#### The problem:
Output the data in full. Keep every word exact and exclude the pictures.

[Image-text web data]

* * * * * * *

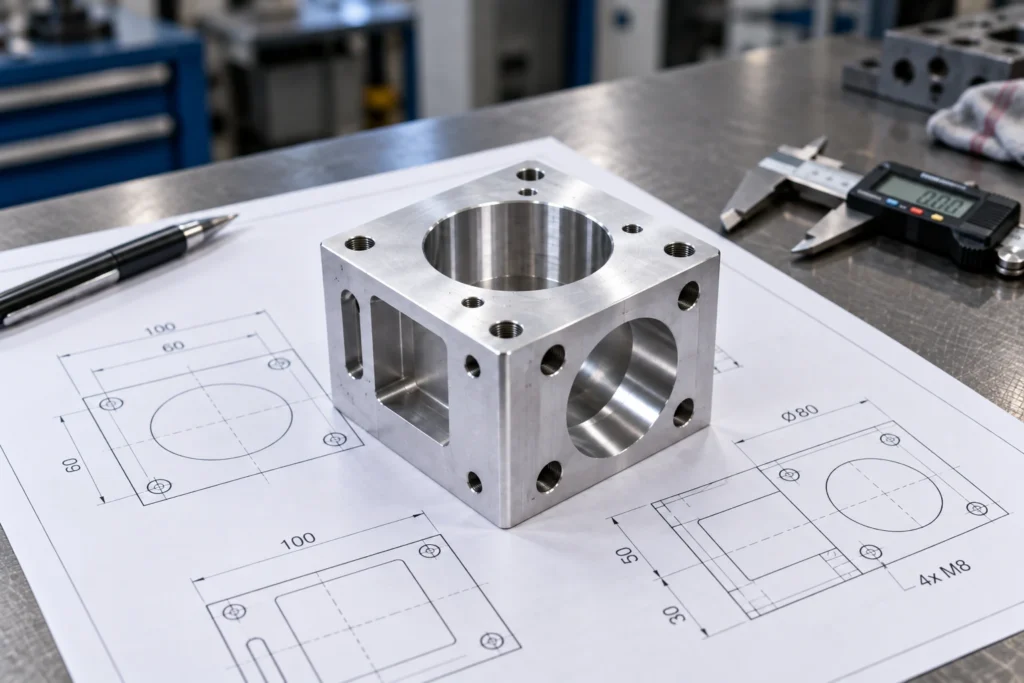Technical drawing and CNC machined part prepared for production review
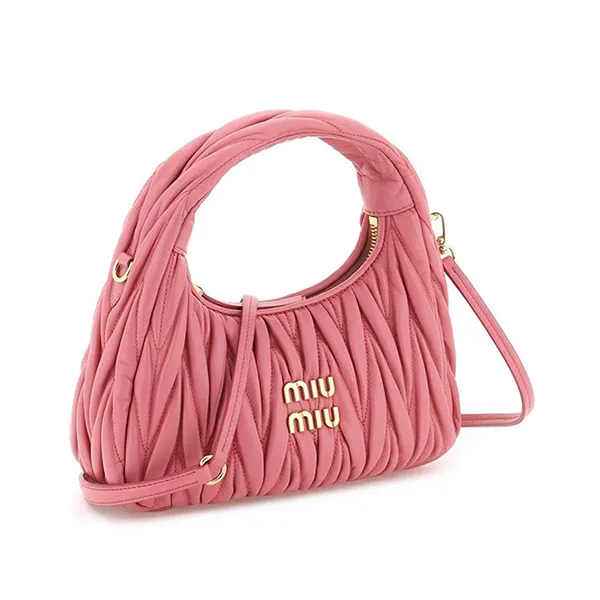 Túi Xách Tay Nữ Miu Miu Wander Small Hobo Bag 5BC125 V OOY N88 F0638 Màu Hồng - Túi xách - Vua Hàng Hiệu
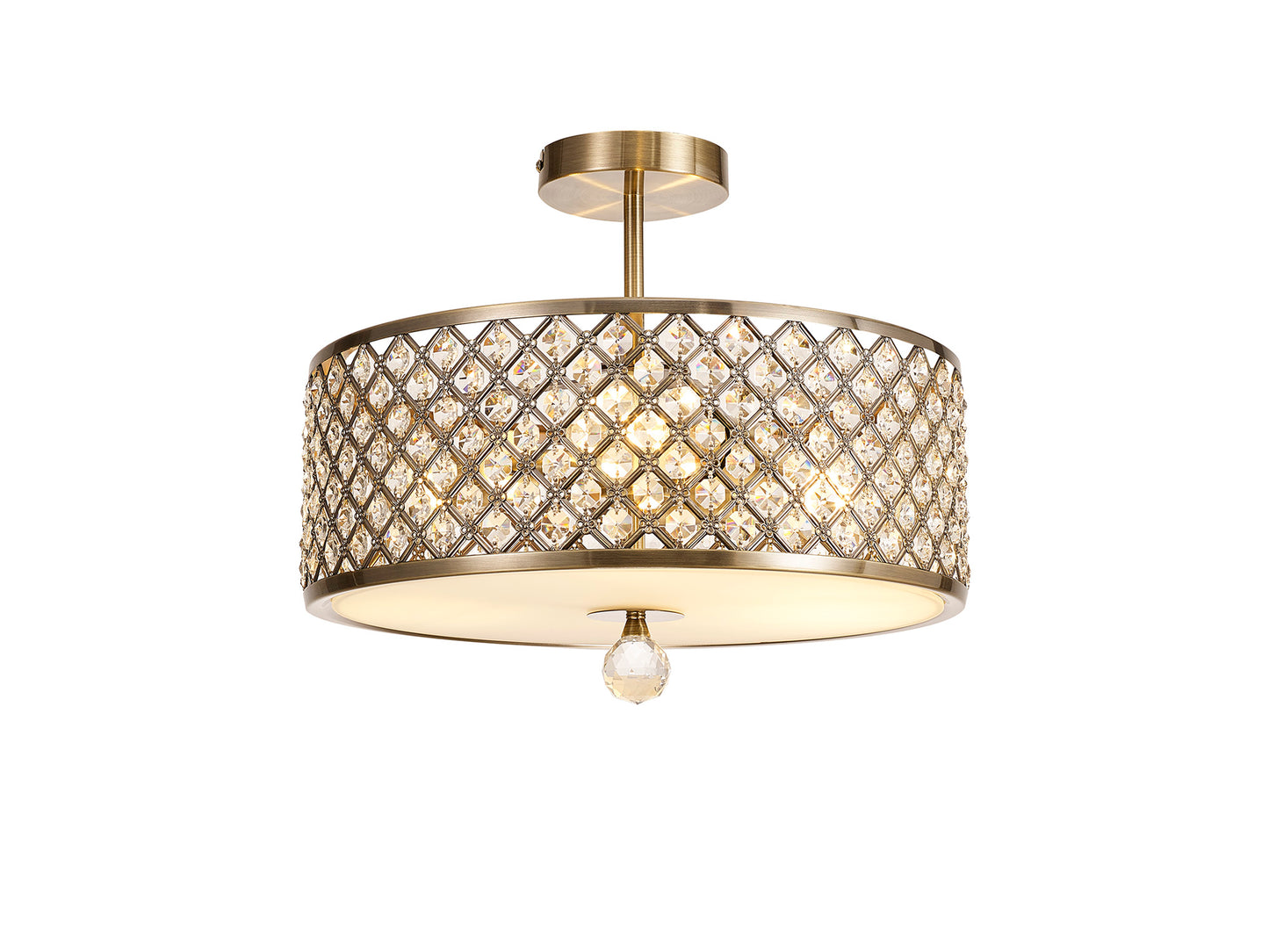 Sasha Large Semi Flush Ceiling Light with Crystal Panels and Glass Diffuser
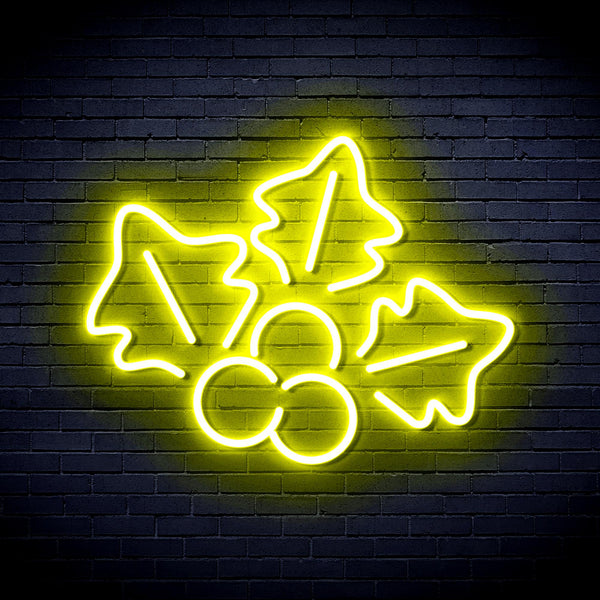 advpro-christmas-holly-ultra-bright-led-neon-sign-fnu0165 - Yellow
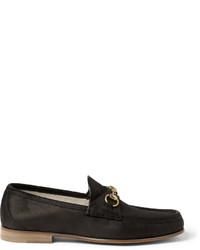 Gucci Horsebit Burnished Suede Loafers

* * * * * * *

#### Written response:
Technical drawing and CNC machined part prepared for production review
 Túi Xách Tay Nữ Miu Miu Wander Small Hobo Bag 5BC125 V OOY N88 F0638 Màu Hồng - Túi xách - Vua Hàng Hiệu
 Sasha Large Semi Flush Ceiling Light with Crystal Panels and Glass Diffuser
 advpro-christmas-holly-ultra-bright-led-neon-sign-fnu0165 - Yellow
 Gucci Horsebit Burnished Suede Loafers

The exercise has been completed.